*Supplied records*
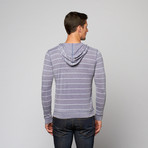 Striped Burnout Hoodie // Denim Blue + White (M)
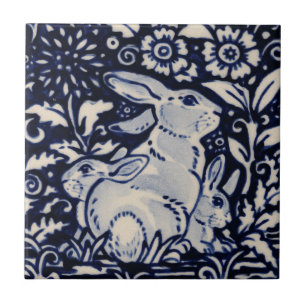 Blue White Rabbit Family Floral Chinoiserie Navy Tile
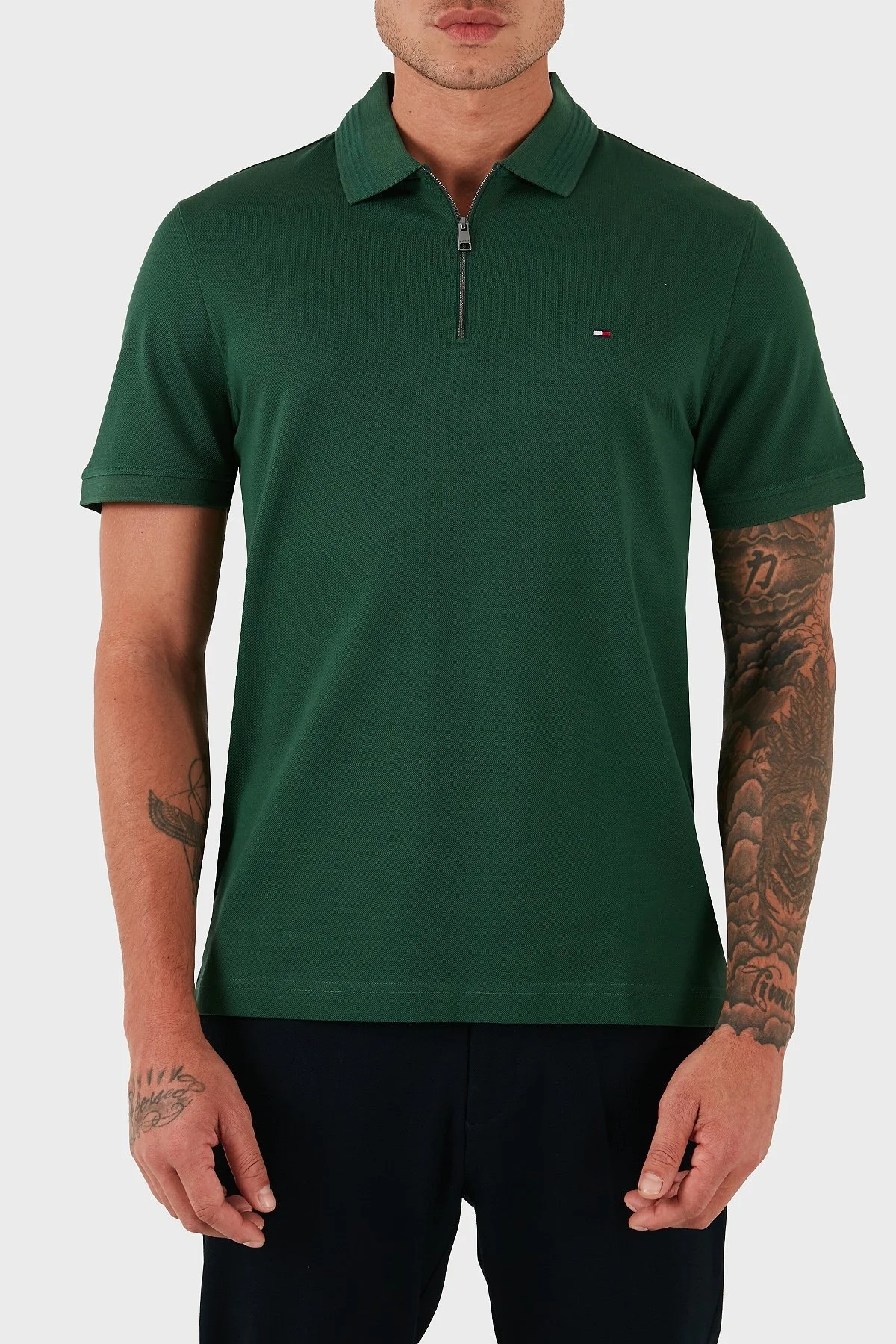 Tommy Hilfiger % 100 Pamuk Regular Fit Fermuarlı Erkek Polo Yaka T Shirt MW0MW38473 L2N YEŞİL - 1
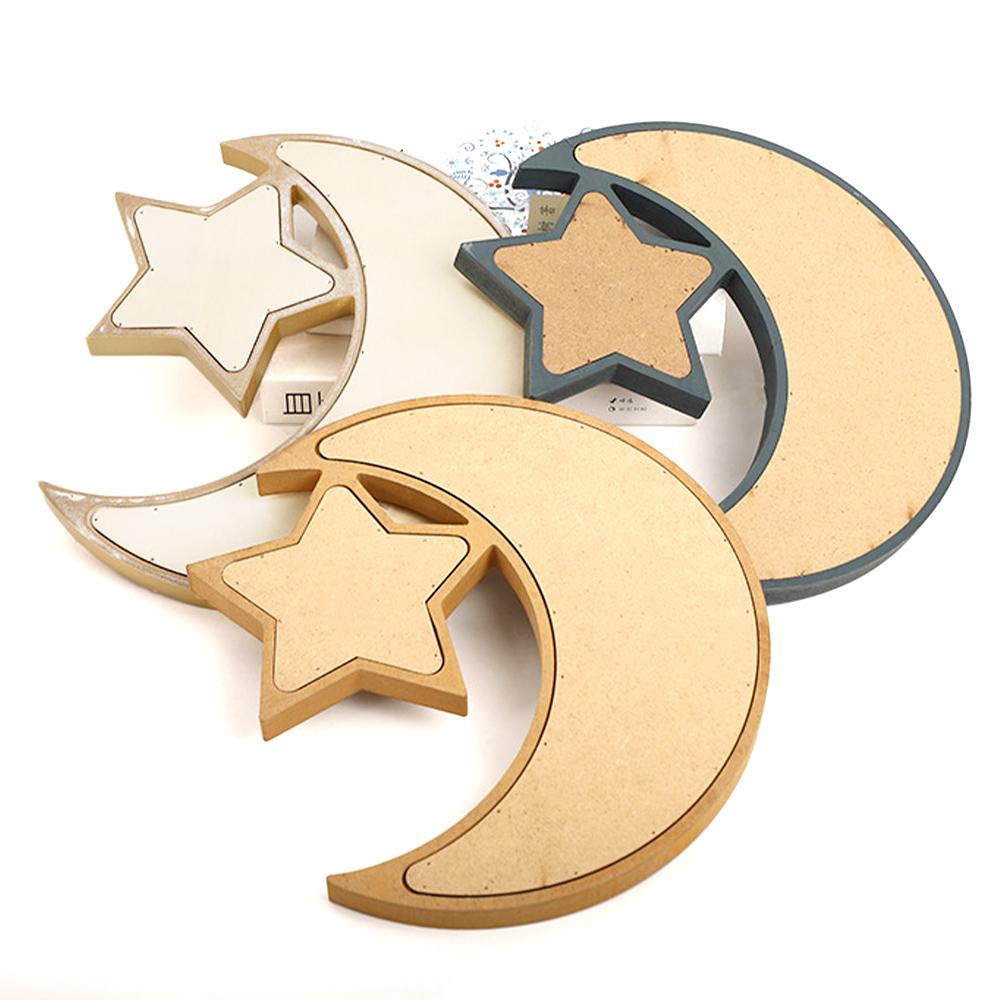 Eid Mubarak Moon Star Candy Dessert Tray Wooden Tray Cake Food Holder Plate Islamic Muslim Ramadan Kareem Home Party Decorations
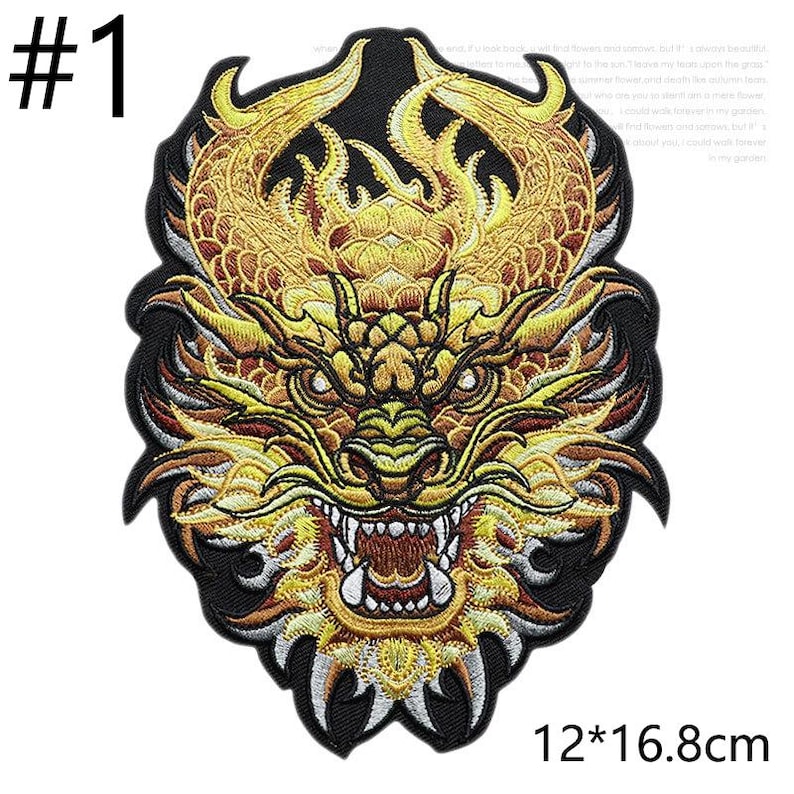 May include: Embroidered patch featuring a detailed golden dragon design on a black background. The dragon has intricate scales, sharp teeth, and a fierce expression. The patch measures 12 x 16.8 cm.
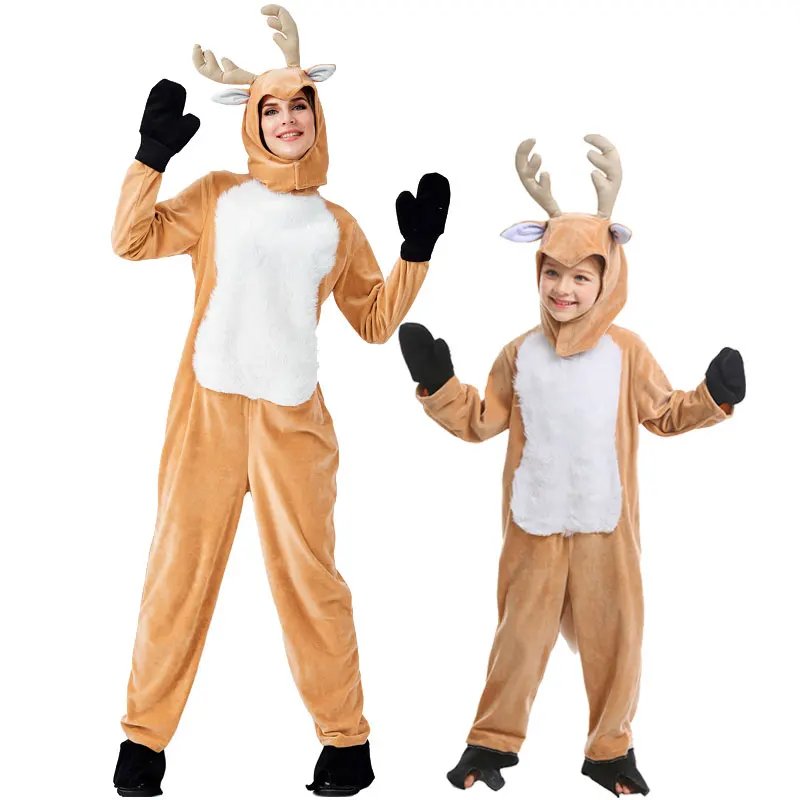 

Christmas Romper Women Reindeer Adult Costume Deer Animal New Year Party Jumpsuit Role Play Christmas Parent-child Costume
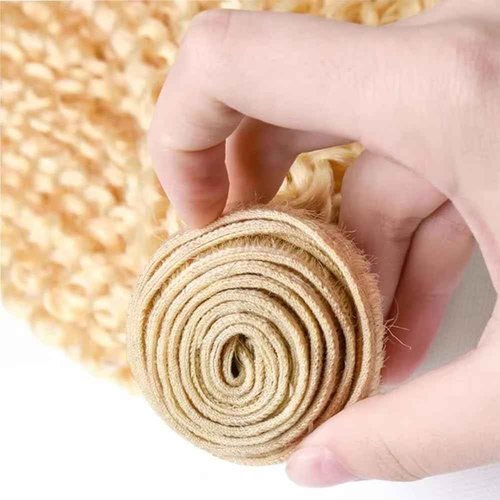 Blonde Human Braiding Hair Deep Wave Bulk 20 20 20 Inch Human Hair Weave 3 Bundle Unprocessed Brazilian Virgin Hair 613 Honey Blonde Deep Curly Braiding Hair Extensions 50 Grams/Bundle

*Assignment*
Reproduce every line above exactly as written, omitting the images.

*Response*
 Striped Burnout Hoodie // Denim Blue + White (M)
 Blue White Rabbit Family Floral Chinoiserie Navy Tile
 Tommy Hilfiger % 100 Pamuk Regular Fit Fermuarlı Erkek Polo Yaka T Shirt MW0MW38473 L2N YEŞİL - 1
 Eid Mubarak Moon Star Candy Dessert Tray Wooden Tray Cake Food Holder Plate Islamic Muslim Ramadan Kareem Home Party Decorations
 May include: Embroidered patch featuring a detailed golden dragon design on a black background. The dragon has intricate scales, sharp teeth, and a fierce expression. The patch measures 12 x 16.8 cm.

Christmas Romper Women Reindeer Adult Costume Deer Animal New Year Party Jumpsuit Role Play Christmas Parent-child Costume
 Blonde Human Braiding Hair Deep Wave Bulk 20 20 20 Inch Human Hair Weave 3 Bundle Unprocessed Brazilian Virgin Hair 613 Honey Blonde Deep Curly Braiding Hair Extensions 50 Grams/Bundle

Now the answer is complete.